AKP Genel Başkanı ve Başbakan Recep Tayyip Erdoğan’ın salı günü TBMM’de yaptığı konuşma hala tartışılıyor. Erdoğan, o günkü konuşmasında 12 Eylül faşist cuntası döneminde asılan iki mahkumun ardından gözyaşı döktü. Aradan geçen 30 yıl içinde darbecilerden hesap sormak için ne yaptığına ilişkin tek bir cümle ise söyleyemedi…
Söyleyemez de…
Çünkü; Erdoğan ve o’nun siyasi geleneği, darbecilerden hesap soramaz… Hesap sorabilmesi için, önce darbe karşıtı bir tutum sergileyebilmesi gerekir… Oysa biliyoruz ki; bugün AKP’yi ayakta tutan zemin, 12 Mart - 12 Eylül faşist cuntasınca hazırlanmış ve sağlamlaştırılmıştır. AKP de 12 Eylül faşizmine olan diyet borcunu, Kenan Evren’i hasta yatağında ziyaret ederek, Çankaya Köşkü’nde ağırlayarak, Evren’in üniversitelerdeki celladı İhsan Doğramacı’yı baş tacı haline getirip TBMM Onur Ödülü vererek ödemiştir.
Bugün AKP’nin üzerinde yükseldiği zeminin temel taşları, 12 Eylül’de döşenmiş, faşist cunta, solu ve sosyal demokratları yok etmiş, MHP kökenli ülkücüleri ise “Türk – İslam Sentezi’’ adlı faşist ideolojiyle donatarak siyasal İslamcı güçlere yedeklemiştir.
AKP ve öncülleri, işte bu siyasal ortam içinde filizlenmiş, kadrolarını oluşturmuş Doğramacı yönetimindeki YÖK’ün yok ettiği üniversitelerde rahatça örgütlenebilmiştir. Siyasal İslamcı kadroların hazırlanması ise yine Evren döneminde getirilen “zorunlu din dersi” ile sağlanmıştır. Sünni İslam idelojisinin dayatıldığı dersler, gencecik beyinleri “itaatkar” hale getirerek “araştırmayan – sorgulamayan – soru sormayan” bir neslin ortaya çıkmasına sebep olmuştur. AKP’nin üzerine oturduğu sosyal taban işte budur…

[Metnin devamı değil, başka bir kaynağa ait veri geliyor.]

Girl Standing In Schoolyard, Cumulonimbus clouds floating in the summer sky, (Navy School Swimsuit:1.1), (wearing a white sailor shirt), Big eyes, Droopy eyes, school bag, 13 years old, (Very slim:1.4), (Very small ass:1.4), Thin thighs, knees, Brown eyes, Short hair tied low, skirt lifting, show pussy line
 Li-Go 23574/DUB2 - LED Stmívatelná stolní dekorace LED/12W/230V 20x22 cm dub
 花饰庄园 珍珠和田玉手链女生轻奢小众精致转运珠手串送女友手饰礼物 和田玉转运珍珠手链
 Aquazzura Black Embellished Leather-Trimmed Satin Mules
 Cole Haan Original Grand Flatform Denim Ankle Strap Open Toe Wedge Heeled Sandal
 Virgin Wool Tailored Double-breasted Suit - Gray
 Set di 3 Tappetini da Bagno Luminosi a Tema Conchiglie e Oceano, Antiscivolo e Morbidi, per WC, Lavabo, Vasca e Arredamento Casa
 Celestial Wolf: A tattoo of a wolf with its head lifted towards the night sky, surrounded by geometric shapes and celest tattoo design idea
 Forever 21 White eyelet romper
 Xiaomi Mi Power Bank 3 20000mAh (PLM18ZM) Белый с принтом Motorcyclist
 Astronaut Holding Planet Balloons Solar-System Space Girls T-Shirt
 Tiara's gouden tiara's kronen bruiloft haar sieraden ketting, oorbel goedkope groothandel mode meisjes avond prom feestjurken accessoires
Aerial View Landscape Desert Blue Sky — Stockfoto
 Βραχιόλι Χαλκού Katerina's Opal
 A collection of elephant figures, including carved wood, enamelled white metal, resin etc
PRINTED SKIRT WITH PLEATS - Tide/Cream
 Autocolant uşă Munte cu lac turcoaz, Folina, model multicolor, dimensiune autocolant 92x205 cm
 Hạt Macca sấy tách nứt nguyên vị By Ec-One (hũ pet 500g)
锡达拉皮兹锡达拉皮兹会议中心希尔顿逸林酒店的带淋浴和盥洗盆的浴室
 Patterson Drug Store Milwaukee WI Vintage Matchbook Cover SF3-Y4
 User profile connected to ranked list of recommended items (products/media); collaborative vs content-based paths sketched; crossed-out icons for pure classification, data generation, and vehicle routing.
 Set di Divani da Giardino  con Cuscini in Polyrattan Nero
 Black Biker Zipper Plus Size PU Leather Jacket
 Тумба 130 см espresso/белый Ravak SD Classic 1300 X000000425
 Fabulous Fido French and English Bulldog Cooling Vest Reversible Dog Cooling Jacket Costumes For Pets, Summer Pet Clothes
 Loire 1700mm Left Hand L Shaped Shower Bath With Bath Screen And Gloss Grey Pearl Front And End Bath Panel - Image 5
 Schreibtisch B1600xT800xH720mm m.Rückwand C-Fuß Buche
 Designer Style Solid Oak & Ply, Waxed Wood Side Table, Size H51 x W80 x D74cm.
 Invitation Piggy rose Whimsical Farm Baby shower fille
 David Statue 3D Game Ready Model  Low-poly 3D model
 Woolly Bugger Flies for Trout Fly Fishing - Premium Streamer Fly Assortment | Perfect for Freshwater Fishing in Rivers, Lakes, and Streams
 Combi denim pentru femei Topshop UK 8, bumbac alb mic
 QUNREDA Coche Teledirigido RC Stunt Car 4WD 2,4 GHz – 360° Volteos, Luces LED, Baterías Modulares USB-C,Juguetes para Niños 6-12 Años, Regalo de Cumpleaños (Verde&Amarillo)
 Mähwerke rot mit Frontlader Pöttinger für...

AKP ve öncülleri, özellikle üniversite gençliğinin apolitikleştirilmesiyle birlikte siyaset sahnesinde daha rahat ‘’at oynatma fırsatı” yakaladı. Zira; siyasetten uzak tutulan gençlik, devlet için o dönem en zararsız “ideoloji” olan “İslam”a yönlendirildi. Gençliğin “solcu olmaması” için din taciri tarikat ve cemaatlerin önü açıldı. ABD ve AB’nin çıkarlarını korumakla yükümlü olan faşist cunta, gençliği “yabancı ideolojilerden koruma” adına “Sünni İslam’’ anlayışını hakim ideoloji haline getirdi. Yine 12 Eylül eliyle kurumsallaştırılan MGK, bu politikanın uygulanabilmesi için devleti yeniden dizayn etti. İslam’ın ‘’itaatkar’’ anlayışının rejim için tehlike arz etmeyeceğini düşünen dönemin MGK yöneticileri, devletin en önemli kurumlarını cemaatlere teslim etti. Bugün sözde darbe karşıtı olanlar, o dönem, MGK ile el ele vererek, “devleti solculardan temizleme harekatı”nın aktörlüğüne soyunmuştu.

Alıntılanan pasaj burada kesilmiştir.